CASE STUDY: McDONALD’S
Weather Eye brings McD’s right to your desktop
Agency head: Lorraine Hughes, president
Number of employees: 163 in Toronto, Montreal and Vancouver
Notable clients: Apple Canada, Campbell Soup Company, Federal Express, Frito Lay Canada, McDonald’s, PepsiCo
New business wins: Parmalat, AOL Canada, Pier 1 Imports, Wrigley AOR, Jagermeister, Royal Ontario Museum, Callaway Golf, Ministry of Economic Development and Trade (MEDT)
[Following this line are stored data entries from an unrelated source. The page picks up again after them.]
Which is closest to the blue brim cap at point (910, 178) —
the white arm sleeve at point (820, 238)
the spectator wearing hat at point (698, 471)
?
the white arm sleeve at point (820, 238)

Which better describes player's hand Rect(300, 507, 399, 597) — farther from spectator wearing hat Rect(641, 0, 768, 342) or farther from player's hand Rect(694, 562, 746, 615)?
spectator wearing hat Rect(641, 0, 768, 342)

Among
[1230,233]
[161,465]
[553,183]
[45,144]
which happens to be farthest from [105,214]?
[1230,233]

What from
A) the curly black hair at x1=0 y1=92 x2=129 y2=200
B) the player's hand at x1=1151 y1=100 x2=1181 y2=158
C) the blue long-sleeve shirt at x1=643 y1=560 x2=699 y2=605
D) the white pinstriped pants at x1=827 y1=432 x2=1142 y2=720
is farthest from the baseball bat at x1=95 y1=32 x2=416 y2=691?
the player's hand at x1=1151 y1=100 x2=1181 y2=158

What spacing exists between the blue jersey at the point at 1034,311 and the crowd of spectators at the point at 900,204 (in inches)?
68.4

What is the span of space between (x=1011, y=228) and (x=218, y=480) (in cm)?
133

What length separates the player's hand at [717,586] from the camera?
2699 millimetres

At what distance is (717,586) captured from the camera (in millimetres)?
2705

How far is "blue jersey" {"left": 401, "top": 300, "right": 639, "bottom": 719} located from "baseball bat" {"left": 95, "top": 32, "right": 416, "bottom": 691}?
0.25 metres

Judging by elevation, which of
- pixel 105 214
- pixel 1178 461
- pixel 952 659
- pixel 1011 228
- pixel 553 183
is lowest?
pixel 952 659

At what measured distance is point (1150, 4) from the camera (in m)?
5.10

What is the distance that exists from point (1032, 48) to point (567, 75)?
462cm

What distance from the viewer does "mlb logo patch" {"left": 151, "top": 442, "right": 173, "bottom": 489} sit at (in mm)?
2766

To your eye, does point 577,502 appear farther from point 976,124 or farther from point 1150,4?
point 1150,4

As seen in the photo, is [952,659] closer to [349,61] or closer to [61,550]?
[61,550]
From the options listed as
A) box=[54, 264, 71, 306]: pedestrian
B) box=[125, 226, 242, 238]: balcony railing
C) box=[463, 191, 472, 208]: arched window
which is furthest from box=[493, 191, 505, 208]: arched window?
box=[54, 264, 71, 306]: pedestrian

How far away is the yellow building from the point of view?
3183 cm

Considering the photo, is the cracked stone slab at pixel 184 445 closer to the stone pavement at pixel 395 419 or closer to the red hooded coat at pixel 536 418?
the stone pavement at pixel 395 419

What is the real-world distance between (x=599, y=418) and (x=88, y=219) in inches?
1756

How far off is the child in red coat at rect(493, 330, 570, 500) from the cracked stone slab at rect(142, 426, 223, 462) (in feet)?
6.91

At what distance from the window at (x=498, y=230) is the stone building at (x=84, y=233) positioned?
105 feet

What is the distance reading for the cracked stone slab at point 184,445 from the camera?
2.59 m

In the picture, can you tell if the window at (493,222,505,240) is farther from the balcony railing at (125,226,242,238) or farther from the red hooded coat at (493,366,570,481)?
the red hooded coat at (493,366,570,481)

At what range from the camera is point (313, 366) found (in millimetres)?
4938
Major losses: Saputo, Dairy Farmers of Ontario, Canadian Deposit Insurance Corporation
The goal
Weather or not to visit McDonald’s? OMD certainly hoped the answer would be yes, by creatively tying the chain’s menu to the day’s temperatures in an effort to encourage visits to the restaurant.
The strategy
OMD decided to leverage Canadians’ weather obsession with the Weather Eye, a desktop tool now on 350,000 Canadian computers, that offers weather info, distributed through the Weather Network’s Web site. You download it and then periodically a small window appears on your screen. You can click on it to go to the Weather Net site or, if ignored, it melts away after a few seconds. OMD brokered a sponsorship deal that ties in the McDonald’s menu item that best goes with the particular weather item that appears.
The execution
During four key ‘dining’ parts of the day – breakfast, lunch, dinner and late night – messages were timed to pop up: So on a summer’s day, with the temperature above 30 degrees, a message about McDonald’s soft-serve ice cream would show up on a viewer’s computer screen. OMD contends that this treatment created a new media space when McDonald’s capitalized on it in late spring. The Weather Eye hadn’t been sponsored previously.
The results
Usage has increased 20% since the campaign went live – and shows no signs of cooling down.